I think there's a lot of truth in that. None of the examples presented in the article look better than had they been written in some existing scripting/programming language. In fact, had they been written in Python or Javascript, it would have been far more obvious what the resulting output would have been, considering that those languages already use {} for objects and [] for lists.

For example, take this example:

    jo -p name=JP object=$(jo fruit=Orange point=$(jo x=10 y=20) number=17) sunday=false
In Python you would write it like this:

    json.dumps({"name": "JP", "object": {"fruit": "Orange", "point": {"x": 10, "y": 20}, "number": 17}, "sunday": False})
Only a bit more code, but at least it won't suffer from the Norway problem. Even though Python isn't the fastest language out there, it's likely still faster than the shell command above. There is no need to construct a fork bomb just to generate some JSON.
14 comments

> Even though Python isn't the fastest language out there, it's likely still faster than the shell command above.
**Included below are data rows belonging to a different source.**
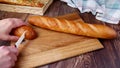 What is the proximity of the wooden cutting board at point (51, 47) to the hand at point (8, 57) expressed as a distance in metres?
0.03

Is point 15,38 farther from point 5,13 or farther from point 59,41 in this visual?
point 5,13

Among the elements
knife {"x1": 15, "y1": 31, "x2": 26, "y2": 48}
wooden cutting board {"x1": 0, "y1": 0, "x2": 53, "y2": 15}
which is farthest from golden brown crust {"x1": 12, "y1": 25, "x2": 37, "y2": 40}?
wooden cutting board {"x1": 0, "y1": 0, "x2": 53, "y2": 15}

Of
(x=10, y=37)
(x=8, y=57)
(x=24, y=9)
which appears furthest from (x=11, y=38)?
(x=24, y=9)

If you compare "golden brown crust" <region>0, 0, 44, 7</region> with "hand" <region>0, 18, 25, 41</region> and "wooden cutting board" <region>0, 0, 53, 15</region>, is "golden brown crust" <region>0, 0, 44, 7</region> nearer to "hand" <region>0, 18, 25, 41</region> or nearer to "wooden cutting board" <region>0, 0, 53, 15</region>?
"wooden cutting board" <region>0, 0, 53, 15</region>

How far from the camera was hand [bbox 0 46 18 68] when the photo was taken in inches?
25.8

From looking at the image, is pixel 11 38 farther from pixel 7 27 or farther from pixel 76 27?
pixel 76 27

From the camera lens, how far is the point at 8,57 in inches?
26.3

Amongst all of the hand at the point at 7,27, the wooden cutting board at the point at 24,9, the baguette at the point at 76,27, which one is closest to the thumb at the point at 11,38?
the hand at the point at 7,27

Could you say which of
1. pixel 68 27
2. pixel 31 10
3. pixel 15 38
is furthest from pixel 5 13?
pixel 68 27

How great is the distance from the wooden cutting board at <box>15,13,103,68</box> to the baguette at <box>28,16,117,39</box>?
0.02 m

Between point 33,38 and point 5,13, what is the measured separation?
32 centimetres

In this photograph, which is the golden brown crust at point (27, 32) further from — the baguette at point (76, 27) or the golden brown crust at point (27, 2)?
the golden brown crust at point (27, 2)

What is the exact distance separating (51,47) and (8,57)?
0.60 feet

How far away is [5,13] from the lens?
1.04 meters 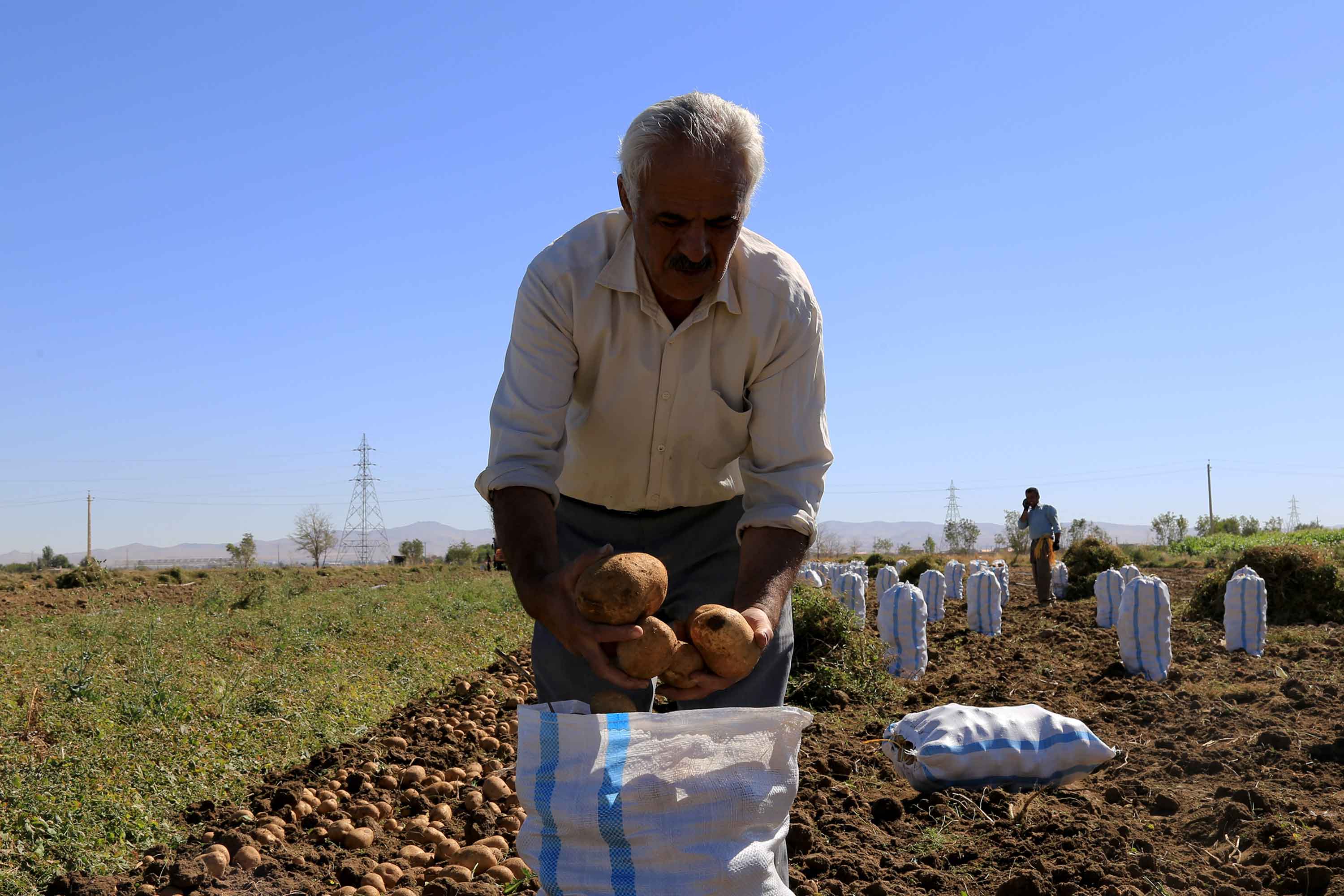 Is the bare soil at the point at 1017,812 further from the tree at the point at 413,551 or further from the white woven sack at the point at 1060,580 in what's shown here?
the tree at the point at 413,551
Taking these two command lines:

   jo -p name=JP object=$(jo fruit=Orange point=$(jo x=10 y=20) number=17) sunday=false >/dev/null

   python -c 'import json;print(json.dumps({"name": "JP", "object": {"fruit": "Orange", "point": {"x": 10, "y": 20}, "number": 17}, "sunday": False}))' >/dev/null
For jo (x86_64, Rosetta2), python2 (x86_64, Rosetta2), jo (arm64), and python3 (arm64), running 1000 iterations, with `tai64n` doing the timing.

    2022-02-05 21:25:38.357228500 start-jo-x86
    2022-02-05 21:25:45.319337500 stop-jo
    2022-02-05 21:25:45.319338500 start-python2-x86
    2022-02-05 21:26:18.876235500 stop-python2-x86
    2022-02-05 21:26:18.876235500 start-jo-arm
    2022-02-05 21:26:22.316063500 stop-jo-arm
    2022-02-05 21:26:22.316064500 start-python3-arm
    2022-02-05 21:26:40.379063500 stop-python3-arm
I make it: 7s for jo-x86, 33.5s for python2-x86, 3.5s for jo-arm, 18s for python3-arm.
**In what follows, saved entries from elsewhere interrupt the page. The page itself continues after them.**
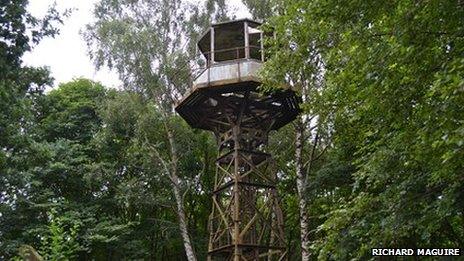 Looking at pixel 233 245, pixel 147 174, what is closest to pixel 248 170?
pixel 233 245

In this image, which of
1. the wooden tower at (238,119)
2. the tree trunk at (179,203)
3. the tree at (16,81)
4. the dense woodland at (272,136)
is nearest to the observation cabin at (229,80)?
the wooden tower at (238,119)

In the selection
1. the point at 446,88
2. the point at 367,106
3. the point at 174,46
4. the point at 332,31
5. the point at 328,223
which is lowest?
the point at 328,223

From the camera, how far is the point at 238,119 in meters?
13.8

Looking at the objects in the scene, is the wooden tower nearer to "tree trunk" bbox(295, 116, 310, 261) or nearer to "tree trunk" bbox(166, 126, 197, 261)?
"tree trunk" bbox(295, 116, 310, 261)

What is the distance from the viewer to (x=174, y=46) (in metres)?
17.3

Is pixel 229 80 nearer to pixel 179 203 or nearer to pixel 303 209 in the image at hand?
pixel 303 209

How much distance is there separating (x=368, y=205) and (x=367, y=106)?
1387 millimetres

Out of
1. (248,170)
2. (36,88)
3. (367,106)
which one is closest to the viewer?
(367,106)

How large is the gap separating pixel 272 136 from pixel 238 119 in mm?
4183

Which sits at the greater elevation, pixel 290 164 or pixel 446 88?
pixel 290 164

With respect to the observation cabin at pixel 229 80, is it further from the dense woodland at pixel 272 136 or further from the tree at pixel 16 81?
the tree at pixel 16 81

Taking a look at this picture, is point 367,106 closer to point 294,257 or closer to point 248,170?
point 248,170

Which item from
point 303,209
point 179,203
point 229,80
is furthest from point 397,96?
point 179,203

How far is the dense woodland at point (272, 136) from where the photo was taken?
19.1 feet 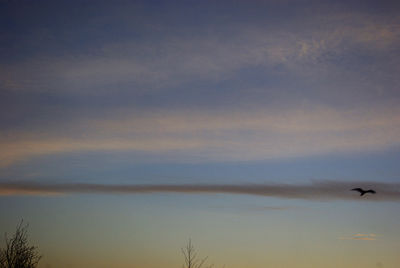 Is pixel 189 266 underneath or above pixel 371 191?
underneath

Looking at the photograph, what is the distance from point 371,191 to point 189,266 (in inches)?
787

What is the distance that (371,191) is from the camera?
31.9 meters

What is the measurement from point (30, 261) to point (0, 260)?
2.72m

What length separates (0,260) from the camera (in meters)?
40.4

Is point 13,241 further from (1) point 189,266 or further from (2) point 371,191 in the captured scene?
(2) point 371,191

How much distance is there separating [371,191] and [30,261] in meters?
32.1

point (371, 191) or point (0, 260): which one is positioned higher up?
point (371, 191)

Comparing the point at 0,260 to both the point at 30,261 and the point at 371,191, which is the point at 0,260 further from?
the point at 371,191

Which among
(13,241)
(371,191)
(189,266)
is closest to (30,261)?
(13,241)

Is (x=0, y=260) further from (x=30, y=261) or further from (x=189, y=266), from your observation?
(x=189, y=266)

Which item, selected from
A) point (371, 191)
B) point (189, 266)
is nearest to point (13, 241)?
point (189, 266)

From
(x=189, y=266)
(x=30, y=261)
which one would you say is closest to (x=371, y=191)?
(x=189, y=266)

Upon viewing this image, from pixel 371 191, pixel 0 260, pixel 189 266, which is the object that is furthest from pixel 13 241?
pixel 371 191

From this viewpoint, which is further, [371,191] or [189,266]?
[189,266] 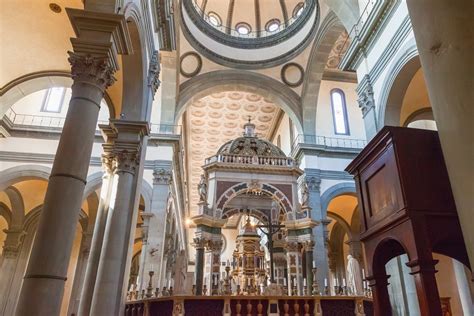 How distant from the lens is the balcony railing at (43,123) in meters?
14.2

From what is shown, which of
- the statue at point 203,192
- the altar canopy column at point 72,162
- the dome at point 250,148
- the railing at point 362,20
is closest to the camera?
the altar canopy column at point 72,162

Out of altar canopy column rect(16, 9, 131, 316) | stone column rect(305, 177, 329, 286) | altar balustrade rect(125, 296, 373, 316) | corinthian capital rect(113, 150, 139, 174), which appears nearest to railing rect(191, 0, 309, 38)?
stone column rect(305, 177, 329, 286)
Test script is at https://pastebin.com/4tTVrDia

python3 is (relatively) slow to startup, and this is something that got significantly worse with 2->3 migration:

  $ time python3 -c ''
  real    0m0.029s

  $ time python2 -c ''
  real    0m0.010s

  $ time bash -c ''
  real    0m0.001s
Which means - you probably don't want to have python scripts on a busy webserver, being called from classic cgi-bin (do people still use those?), or run it as -exec argument to a "find" iterating over many thousands files. Maybe a couple more of such examples. For most use-cases though, that's still fast enough.
I get 14,823s for python3 and 4,667s for jo on my system.
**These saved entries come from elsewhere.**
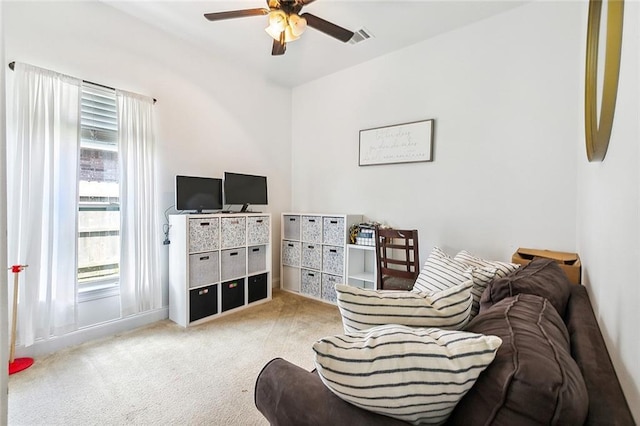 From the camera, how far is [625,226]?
2.56ft

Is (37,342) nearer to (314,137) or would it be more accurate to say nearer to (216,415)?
(216,415)

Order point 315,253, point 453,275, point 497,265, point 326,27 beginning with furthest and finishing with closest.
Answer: point 315,253 < point 326,27 < point 497,265 < point 453,275

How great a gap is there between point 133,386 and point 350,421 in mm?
1903

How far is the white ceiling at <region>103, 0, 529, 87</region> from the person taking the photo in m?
2.59

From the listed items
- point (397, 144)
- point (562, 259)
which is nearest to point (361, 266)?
point (397, 144)

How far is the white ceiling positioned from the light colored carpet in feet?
9.72

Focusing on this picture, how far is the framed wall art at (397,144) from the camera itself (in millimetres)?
3166

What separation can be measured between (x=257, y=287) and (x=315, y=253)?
0.82 m

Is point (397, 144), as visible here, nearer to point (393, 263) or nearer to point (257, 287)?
point (393, 263)

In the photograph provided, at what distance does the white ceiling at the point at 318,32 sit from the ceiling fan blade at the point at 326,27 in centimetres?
44

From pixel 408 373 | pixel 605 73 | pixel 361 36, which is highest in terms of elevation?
pixel 361 36

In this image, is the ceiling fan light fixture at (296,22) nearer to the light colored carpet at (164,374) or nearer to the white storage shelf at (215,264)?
the white storage shelf at (215,264)

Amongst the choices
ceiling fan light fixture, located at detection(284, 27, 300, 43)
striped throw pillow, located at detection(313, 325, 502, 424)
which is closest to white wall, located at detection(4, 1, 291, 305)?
ceiling fan light fixture, located at detection(284, 27, 300, 43)

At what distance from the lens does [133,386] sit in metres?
1.92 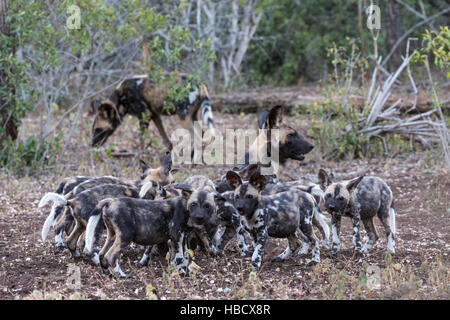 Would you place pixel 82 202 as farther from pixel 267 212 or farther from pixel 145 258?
pixel 267 212

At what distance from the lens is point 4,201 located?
7.95 m

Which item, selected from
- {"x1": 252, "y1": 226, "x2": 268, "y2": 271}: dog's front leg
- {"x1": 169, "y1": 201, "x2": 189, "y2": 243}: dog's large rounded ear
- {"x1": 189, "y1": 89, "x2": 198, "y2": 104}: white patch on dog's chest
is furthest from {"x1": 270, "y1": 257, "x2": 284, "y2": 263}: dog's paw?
{"x1": 189, "y1": 89, "x2": 198, "y2": 104}: white patch on dog's chest

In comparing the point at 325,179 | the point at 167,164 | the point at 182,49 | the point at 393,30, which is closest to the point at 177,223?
the point at 167,164

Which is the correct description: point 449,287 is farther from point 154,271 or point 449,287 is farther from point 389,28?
point 389,28

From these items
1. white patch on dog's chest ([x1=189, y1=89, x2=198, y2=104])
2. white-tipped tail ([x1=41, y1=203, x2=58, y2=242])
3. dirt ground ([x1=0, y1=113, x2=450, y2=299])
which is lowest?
dirt ground ([x1=0, y1=113, x2=450, y2=299])

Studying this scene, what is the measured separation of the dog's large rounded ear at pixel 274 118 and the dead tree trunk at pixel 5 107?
3.76m

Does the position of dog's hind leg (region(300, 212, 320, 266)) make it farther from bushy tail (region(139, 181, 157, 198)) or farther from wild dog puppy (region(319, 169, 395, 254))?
bushy tail (region(139, 181, 157, 198))

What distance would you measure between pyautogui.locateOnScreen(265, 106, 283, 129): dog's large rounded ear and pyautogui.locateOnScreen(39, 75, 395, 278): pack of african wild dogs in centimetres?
61

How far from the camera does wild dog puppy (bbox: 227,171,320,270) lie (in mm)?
5304

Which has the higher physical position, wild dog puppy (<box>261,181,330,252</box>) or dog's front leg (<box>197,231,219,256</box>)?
wild dog puppy (<box>261,181,330,252</box>)

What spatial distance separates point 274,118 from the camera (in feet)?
23.4

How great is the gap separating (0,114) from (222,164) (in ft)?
10.4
I also wrote my own tool, xidel [1]:

    time for i in $(seq 1 $count); do xidel -se '{"name": "JP", "object": {"fruit": "Orange", "point": {"x": 10, "y": 20}, "number": 17}, "sunday": false()}' > /dev/null; done     

    
which gives me 1,575s

But if you actually want to repeat something a thousand times, you would use a loop in the query for 0,017s:

    time xidel -se 'for $i in 1 to 1000 return {"name": "JP", "object": {"fruit": "Orange", "point": {"x": 10, "y": 20}, "number": 17}, "sunday": false()}'  > /dev/null
  
  
(a python3 loop gives me 0,029s)

[1] https://videlibri.de/xidel.html

what about how long for a human to read it and debug it when it gets beyond trivial?
Fair question. I think jo does tend to get more crufty if you're doing anything reasonably complex with multilevel structures, especially with arrays.

But jo does come into its own when you're wanting to use shell variables.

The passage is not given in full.